» REQUIRED ACTION: Exact reproduction of the following data is required.

(GIVEN ENTRIES)

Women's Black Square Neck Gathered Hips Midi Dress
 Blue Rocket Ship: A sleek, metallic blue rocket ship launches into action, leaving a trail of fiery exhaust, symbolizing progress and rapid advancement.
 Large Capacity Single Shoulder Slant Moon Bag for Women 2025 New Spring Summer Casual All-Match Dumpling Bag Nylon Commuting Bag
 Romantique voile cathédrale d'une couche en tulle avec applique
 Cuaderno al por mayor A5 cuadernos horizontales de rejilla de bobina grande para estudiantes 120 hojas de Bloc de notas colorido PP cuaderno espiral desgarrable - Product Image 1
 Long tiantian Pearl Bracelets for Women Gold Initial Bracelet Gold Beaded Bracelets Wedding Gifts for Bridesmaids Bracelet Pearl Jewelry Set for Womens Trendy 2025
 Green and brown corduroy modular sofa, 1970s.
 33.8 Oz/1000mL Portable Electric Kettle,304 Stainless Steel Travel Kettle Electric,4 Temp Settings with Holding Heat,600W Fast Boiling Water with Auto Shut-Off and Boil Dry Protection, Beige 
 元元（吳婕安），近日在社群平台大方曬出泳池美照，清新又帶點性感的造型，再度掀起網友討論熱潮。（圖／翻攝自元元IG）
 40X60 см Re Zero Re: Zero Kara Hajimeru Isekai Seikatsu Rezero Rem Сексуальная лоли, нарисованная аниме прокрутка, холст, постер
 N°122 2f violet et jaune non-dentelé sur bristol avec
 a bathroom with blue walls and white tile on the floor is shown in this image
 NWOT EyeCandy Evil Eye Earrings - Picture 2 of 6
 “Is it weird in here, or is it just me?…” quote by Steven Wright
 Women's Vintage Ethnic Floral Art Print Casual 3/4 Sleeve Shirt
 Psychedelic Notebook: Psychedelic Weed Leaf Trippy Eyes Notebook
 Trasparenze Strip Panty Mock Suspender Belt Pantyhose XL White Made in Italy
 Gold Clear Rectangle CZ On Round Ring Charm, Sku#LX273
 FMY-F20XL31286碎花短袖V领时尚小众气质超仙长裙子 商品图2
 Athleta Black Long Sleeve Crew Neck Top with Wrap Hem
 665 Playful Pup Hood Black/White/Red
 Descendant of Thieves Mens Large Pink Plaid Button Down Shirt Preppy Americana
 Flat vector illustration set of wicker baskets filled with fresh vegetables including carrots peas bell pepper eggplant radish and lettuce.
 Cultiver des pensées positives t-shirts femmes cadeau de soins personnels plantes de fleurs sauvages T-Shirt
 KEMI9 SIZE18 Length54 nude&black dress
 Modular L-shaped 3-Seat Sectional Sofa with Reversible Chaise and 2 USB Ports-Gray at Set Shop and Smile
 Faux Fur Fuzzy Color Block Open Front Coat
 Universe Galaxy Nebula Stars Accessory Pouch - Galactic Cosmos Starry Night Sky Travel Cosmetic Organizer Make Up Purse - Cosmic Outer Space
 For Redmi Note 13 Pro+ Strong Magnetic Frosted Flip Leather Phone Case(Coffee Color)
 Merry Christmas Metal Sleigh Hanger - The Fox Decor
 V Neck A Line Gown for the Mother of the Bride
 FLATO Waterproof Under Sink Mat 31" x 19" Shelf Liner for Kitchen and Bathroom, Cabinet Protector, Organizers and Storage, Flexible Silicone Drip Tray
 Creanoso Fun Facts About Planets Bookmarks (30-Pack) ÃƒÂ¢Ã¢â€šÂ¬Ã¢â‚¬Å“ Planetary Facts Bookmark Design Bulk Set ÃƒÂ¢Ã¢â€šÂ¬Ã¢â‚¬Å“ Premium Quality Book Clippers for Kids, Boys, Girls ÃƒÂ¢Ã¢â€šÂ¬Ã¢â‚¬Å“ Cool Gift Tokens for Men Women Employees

(End GIVEN ENTRIES)

» REPLY:
Women's Black Square Neck Gathered Hips Midi Dress
 Blue Rocket Ship: A sleek, metallic blue rocket ship launches into action, leaving a trail of fiery exhaust, symbolizing progress and rapid advancement.
 Large Capacity Single Shoulder Slant Moon Bag for Women 2025 New Spring Summer Casual All-Match Dumpling Bag Nylon Commuting Bag
 Romantique voile cathédrale d'une couche en tulle avec applique
 Cuaderno al por mayor A5 cuadernos horizontales de rejilla de bobina grande para estudiantes 120 hojas de Bloc de notas colorido PP cuaderno espiral desgarrable - Product Image 1
 Long tiantian Pearl Bracelets for Women Gold Initial Bracelet Gold Beaded Bracelets Wedding Gifts for Bridesmaids Bracelet Pearl Jewelry Set for Womens Trendy 2025
 Green and brown corduroy modular sofa, 1970s.
 33.8 Oz/1000mL Portable Electric Kettle,304 Stainless Steel Travel Kettle Electric,4 Temp Settings with Holding Heat,600W Fast Boiling Water with Auto Shut-Off and Boil Dry Protection, Beige 
 元元（吳婕安），近日在社群平台大方曬出泳池美照，清新又帶點性感的造型，再度掀起網友討論熱潮。（圖／翻攝自元元IG）
 40X60 см Re Zero Re: Zero Kara Hajimeru Isekai Seikatsu Rezero Rem Сексуальная лоли, нарисованная аниме прокрутка, холст, постер
 N°122 2f violet et jaune non-dentelé sur bristol avec
 a bathroom with blue walls and white tile on the floor is shown in this image
 NWOT EyeCandy Evil Eye Earrings - Picture 2 of 6
 “Is it weird in here, or is it just me?…” quote by Steven Wright
 Women's Vintage Ethnic Floral Art Print Casual 3/4 Sleeve Shirt
 Psychedelic Notebook: Psychedelic Weed Leaf Trippy Eyes Notebook
 Trasparenze Strip Panty Mock Suspender Belt Pantyhose XL White Made in Italy
 Gold Clear Rectangle CZ On Round Ring Charm, Sku#LX273
 FMY-F20XL31286碎花短袖V领时尚小众气质超仙长裙子 商品图2
 Athleta Black Long Sleeve Crew Neck Top with Wrap Hem
 665 Playful Pup Hood Black/White/Red
 Descendant of Thieves Mens Large Pink Plaid Button Down Shirt Preppy Americana
 Flat vector illustration set of wicker baskets filled with fresh vegetables including carrots peas bell pepper eggplant radish and lettuce.
 Cultiver des pensées positives t-shirts femmes cadeau de soins personnels plantes de fleurs sauvages T-Shirt
 KEMI9 SIZE18 Length54 nude&black dress
 Modular L-shaped 3-Seat Sectional Sofa with Reversible Chaise and 2 USB Ports-Gray at Set Shop and Smile
 Faux Fur Fuzzy Color Block Open Front Coat
 Universe Galaxy Nebula Stars Accessory Pouch - Galactic Cosmos Starry Night Sky Travel Cosmetic Organizer Make Up Purse - Cosmic Outer Space
 For Redmi Note 13 Pro+ Strong Magnetic Frosted Flip Leather Phone Case(Coffee Color)
 Merry Christmas Metal Sleigh Hanger - The Fox Decor
 V Neck A Line Gown for the Mother of the Bride
 FLATO Waterproof Under Sink Mat 31" x 19" Shelf Liner for Kitchen and Bathroom, Cabinet Protector, Organizers and Storage, Flexible Silicone Drip Tray
 Creanoso Fun Facts About Planets Bookmarks (30-Pack) ÃƒÂ¢Ã¢â€šÂ¬Ã¢â‚¬Å“ Planetary Facts Bookmark Design Bulk Set ÃƒÂ¢Ã¢â€šÂ¬Ã¢â‚¬Å“ Premium Quality Book Clippers for Kids, Boys, Girls ÃƒÂ¢Ã¢â€šÂ¬Ã¢â‚¬Å“ Cool Gift Tokens for Men Women Employees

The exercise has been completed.